As far as is known,[6] the conjecture was first proposed on October 23, 1852,[7] when Francis Guthrie, while trying to color the map of counties of England, noticed that only four different colors were needed. At the time, Guthrie's brother, Frederick, was a student of Augustus De Morgan (the former advisor of Francis) at University College London. Francis inquired with Frederick regarding it, who then took it to De Morgan (Francis Guthrie graduated later in 1852, and later became a professor of mathematics in South Africa). According to De Morgan:

A student of mine [Guthrie] asked me to day to give him a reason for a fact which I did not know was a fact—and do not yet. He says that if a figure be any how divided and the compartments differently colored so that figures with any portion of common boundary line are differently colored—four colors may be wanted but not more—the following is his case in which four colors are wanted.
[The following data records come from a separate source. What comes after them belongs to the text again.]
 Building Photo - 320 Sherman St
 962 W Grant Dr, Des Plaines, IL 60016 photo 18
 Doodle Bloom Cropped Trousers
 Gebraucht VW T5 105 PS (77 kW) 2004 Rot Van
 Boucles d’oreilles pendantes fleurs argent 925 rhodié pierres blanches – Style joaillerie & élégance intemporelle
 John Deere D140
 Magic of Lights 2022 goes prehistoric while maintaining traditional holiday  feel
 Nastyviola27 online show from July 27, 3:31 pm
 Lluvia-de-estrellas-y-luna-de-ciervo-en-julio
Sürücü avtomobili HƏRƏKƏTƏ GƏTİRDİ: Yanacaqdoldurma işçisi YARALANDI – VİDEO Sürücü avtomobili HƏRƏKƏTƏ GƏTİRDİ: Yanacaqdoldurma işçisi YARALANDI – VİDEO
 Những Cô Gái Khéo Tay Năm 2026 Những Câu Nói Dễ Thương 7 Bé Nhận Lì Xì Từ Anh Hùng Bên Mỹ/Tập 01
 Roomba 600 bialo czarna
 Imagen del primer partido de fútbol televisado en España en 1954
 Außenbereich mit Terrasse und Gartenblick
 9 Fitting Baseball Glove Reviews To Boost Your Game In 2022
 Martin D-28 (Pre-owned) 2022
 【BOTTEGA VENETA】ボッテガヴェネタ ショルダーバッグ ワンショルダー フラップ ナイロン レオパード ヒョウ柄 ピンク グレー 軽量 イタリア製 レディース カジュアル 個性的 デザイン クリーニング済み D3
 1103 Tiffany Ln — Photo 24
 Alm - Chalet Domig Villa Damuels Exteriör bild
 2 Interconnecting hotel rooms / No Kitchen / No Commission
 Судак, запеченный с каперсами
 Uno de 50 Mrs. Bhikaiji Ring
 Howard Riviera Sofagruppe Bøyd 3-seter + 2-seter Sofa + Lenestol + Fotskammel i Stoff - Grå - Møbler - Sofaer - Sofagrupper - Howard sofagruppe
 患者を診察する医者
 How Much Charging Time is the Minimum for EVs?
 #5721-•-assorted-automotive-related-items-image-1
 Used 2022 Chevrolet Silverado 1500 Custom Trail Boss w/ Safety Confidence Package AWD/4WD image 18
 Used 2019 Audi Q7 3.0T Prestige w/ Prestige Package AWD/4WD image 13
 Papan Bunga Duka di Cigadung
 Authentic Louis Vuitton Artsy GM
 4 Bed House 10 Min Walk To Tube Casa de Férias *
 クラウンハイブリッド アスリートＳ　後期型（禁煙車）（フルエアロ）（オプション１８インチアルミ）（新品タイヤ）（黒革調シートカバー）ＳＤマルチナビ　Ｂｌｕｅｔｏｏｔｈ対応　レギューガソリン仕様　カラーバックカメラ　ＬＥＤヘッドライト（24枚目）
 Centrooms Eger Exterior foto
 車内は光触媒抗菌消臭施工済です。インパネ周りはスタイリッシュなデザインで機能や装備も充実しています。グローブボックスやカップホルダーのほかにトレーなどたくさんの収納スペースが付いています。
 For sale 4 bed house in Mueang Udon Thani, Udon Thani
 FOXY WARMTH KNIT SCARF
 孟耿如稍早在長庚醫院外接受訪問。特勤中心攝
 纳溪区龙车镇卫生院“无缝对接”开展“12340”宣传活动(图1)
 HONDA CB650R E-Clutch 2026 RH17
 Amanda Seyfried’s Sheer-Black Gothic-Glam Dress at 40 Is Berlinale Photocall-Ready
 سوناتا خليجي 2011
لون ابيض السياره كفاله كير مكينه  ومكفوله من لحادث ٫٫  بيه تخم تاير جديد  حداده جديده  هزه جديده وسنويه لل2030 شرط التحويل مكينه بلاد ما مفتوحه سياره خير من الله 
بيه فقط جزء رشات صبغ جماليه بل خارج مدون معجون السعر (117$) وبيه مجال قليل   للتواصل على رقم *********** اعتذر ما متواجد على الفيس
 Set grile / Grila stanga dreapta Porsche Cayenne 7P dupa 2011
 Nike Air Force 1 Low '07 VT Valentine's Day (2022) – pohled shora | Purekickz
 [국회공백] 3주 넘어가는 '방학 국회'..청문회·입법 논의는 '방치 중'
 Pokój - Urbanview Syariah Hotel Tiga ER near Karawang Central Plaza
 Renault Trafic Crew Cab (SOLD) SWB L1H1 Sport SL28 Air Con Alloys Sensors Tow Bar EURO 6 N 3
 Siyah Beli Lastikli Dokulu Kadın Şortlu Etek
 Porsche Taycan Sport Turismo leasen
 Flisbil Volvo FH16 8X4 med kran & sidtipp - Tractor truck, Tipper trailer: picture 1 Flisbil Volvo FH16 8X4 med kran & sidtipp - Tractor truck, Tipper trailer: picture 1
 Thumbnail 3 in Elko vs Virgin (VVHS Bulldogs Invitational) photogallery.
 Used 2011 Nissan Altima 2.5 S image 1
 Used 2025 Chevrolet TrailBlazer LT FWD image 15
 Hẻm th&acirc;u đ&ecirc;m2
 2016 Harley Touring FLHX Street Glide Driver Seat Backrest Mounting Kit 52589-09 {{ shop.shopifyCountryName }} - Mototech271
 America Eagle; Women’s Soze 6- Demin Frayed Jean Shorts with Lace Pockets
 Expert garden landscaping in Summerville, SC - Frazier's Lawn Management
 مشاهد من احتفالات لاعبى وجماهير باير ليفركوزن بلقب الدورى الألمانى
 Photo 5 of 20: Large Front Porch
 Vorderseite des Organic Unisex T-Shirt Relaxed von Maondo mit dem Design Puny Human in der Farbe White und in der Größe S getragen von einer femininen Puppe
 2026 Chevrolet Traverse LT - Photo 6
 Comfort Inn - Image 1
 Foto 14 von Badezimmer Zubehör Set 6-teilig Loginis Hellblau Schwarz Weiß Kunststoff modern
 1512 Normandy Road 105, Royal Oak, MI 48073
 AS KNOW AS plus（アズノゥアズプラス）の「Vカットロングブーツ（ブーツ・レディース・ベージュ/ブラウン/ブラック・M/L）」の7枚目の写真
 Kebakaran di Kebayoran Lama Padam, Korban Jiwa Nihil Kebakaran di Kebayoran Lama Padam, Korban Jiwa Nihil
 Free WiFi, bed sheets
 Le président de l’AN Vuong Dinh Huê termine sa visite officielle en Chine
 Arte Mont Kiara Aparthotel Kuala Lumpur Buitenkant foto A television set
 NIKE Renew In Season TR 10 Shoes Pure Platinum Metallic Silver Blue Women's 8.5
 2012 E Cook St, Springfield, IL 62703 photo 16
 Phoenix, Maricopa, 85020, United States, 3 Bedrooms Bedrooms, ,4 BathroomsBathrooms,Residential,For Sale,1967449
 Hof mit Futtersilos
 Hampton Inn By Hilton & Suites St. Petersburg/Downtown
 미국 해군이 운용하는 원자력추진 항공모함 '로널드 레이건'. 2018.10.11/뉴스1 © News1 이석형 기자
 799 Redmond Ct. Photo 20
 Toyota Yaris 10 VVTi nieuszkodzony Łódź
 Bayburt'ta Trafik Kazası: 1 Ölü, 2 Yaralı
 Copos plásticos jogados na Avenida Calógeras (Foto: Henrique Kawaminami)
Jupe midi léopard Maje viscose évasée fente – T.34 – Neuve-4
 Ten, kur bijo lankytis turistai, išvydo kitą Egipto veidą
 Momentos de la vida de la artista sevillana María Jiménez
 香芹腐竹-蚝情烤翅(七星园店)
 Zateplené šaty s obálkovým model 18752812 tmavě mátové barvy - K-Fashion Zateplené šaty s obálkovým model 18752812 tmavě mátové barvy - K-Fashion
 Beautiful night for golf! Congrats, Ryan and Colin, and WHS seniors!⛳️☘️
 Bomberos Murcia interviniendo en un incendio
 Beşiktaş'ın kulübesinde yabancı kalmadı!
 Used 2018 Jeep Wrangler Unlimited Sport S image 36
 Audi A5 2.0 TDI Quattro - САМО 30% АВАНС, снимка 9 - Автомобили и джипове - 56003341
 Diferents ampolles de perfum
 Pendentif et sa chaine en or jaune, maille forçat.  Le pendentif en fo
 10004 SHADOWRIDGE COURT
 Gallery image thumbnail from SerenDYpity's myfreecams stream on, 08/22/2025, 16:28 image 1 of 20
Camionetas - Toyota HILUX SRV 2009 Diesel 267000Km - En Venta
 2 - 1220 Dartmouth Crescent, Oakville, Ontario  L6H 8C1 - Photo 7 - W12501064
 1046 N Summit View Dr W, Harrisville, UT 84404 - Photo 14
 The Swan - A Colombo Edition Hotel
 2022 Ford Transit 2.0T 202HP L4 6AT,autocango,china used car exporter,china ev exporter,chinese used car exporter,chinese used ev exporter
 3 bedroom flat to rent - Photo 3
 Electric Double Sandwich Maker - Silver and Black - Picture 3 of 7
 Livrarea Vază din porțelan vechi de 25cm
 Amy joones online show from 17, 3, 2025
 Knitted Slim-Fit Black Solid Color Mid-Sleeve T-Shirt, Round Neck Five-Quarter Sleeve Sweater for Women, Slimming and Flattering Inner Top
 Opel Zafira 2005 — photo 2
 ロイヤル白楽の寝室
Query cannot a necessity for five or more be invented...[8]

"F.G.", perhaps one of the two Guthries, published the question in The Athenaeum in 1854,[9] and De Morgan posed the question again in the same magazine in 1860.[10] Another early published reference by Arthur Cayley (1879) in turn credits the conjecture to De Morgan.

There were several early failed attempts at proving the theorem. De Morgan believed that it followed from a simple fact about four regions, though he didn't believe that fact could be derived from more elementary facts.

This arises in the following way. We never need four colours in a neighborhood unless there be four counties, each of which has boundary lines in common with each of the other three. Such a thing cannot happen with four areas unless one or more of them be inclosed by the rest; and the colour used for the inclosed county is thus set free to go on with. Now this principle, that four areas cannot each have common boundary with all the other three without inclosure, is not, we fully believe, capable of demonstration upon anything more evident and more elementary; it must stand as a postulate.[10]

One proposed proof was given by Alfred Kempe in 1879, which was widely acclaimed;[11] another was given by Peter Guthrie Tait in 1880. It was not until 1890 that Kempe's proof was shown incorrect by Percy Heawood, and in 1891, Tait's proof was shown incorrect by Julius Petersen—each false proof stood unchallenged for 11 years.[12]

In 1890, in addition to exposing the flaw in Kempe's proof, Heawood proved the five color theorem and generalized the four color conjecture to surfaces of arbitrary genus.[13]

Tait, in 1880, showed that the four color theorem is equivalent to the statement that a certain type of graph (called a snark in modern terminology) must be non-planar.[14]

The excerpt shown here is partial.